Member of the Moldovan Parliament
- In office 9 December 2014 – 30 November 2018
- Succeeded by: Pavel Ianeț
- Parliamentary group: Democratic Party
- In office 29 July 2009 – 25 September 2009
- Succeeded by: Valentina Stratan
- Parliamentary group: Democratic Party
- In office 17 March 2005 – 22 April 2009
- Parliamentary group: Democratic Moldova Electoral Bloc Democratic Party

Minister of Regional Development and Construction
- In office 25 September 2009 – 18 February 2015
- President: Mihai Ghimpu (acting) Vladimir Filat (acting) Marian Lupu (acting) Nicolae Timofti
- Prime Minister: Vladimir Filat Iurie Leancă
- Preceded by: Vladimir Baldovici
- Succeeded by: Vasile Bîtca

Vice President of the Moldovan Parliament
- In office 10 September 2009 – 25 September 2009 Serving with Iurie Țap;
- President: Vladimir Voronin Mihai Ghimpu (acting)
- Prime Minister: Zinaida Greceanîi Vitalie Pîrlog (acting)
- Speaker: Mihai Ghimpu
- Succeeded by: Alexandr Stoianoglo

Deputy Minister of Industry and Trade
- In office 24 September 1998 – 21 December 1999
- President: Petru Lucinschi
- Prime Minister: Ion Ciubuc Ion Sturza
- Minister: Ion Tănase Alexandra Can

Personal details
- Born: 10 February 1967 (age 59) Grinăuţi-Moldova, Moldavian SSR, Soviet Union
- Party: Democratic Party of Moldova Alliance for European Integration (2009–present)
- Profession: engineer

= Marcel Răducan =

Moldovan politician (born 1967)

Marcel Răducan (born 10 February 1967) is a Moldovan politician, a deputy in the Legislature 2005–2009 elected on the lists of the Electoral Bloc Democratic Moldova. From 2009 to February 2015 he served as Minister of Regional Development and Construction in the First Vlad Filat Cabinet and in the Second Filat Cabinet as well. From 30 November 2018 he is the President of the Competition Council.

== Biography ==
Răducan was born on 10 February 1967 in Grinăuți-Moldova, Ocnița district. He is an engineer-mechanic, executive director of the enterprise with foreign capital "Avirom-Prod". In March 2005, he was elected a deputy in the Parliament from the "Our Moldova" Bloc. He is a member of the Democratic Party of Moldova. From 2005 until 2009 he was a member of the Parliament of the Republic of Moldova, member of the parliamentary commission for agriculture and processing industry and of the Committee on Agriculture and Food Industry, from the faction of the Democratic Party of Moldova.

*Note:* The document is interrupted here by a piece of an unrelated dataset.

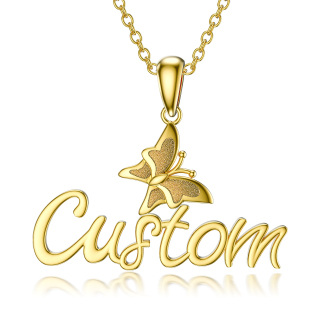 10K Gold & Personalized Classic Name Butterfly Necklace-52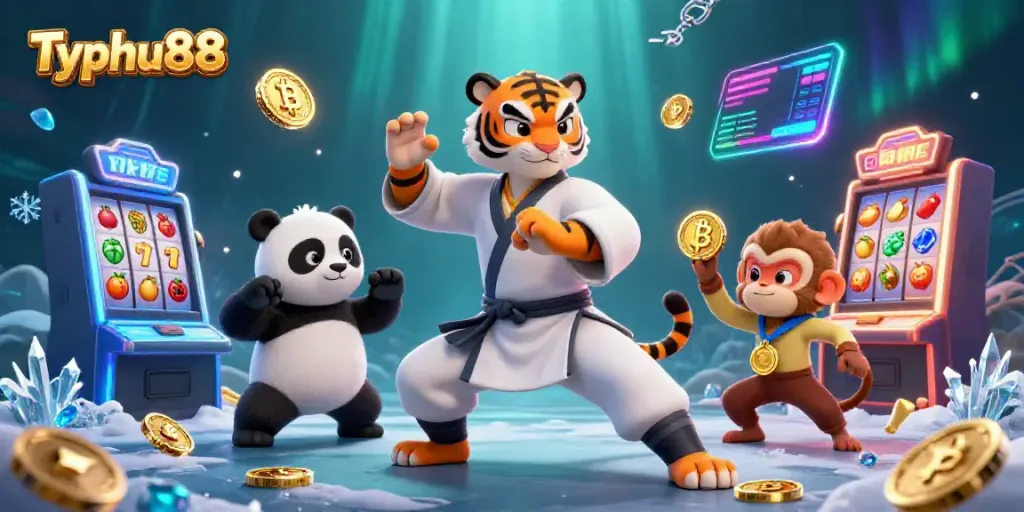 Engage with Typhu88's thrilling 3D casino art featuring slot machines, coins, and charismatic characters.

By the Decree of the President of the Republic of Moldova no. 4-V from 25 September 2009 was appointed Minister of Regional Development and Construction of the Republic of Moldova. He was in office until December 2014, than until the Gaburici Cabinet was invested in February 2015.

In April 2015, he was awarded the "Order of Honor".

==Family==
Marcel Răducan is married to Aurelia Răducan, a doctor, and has two boys: Gicu and Călin.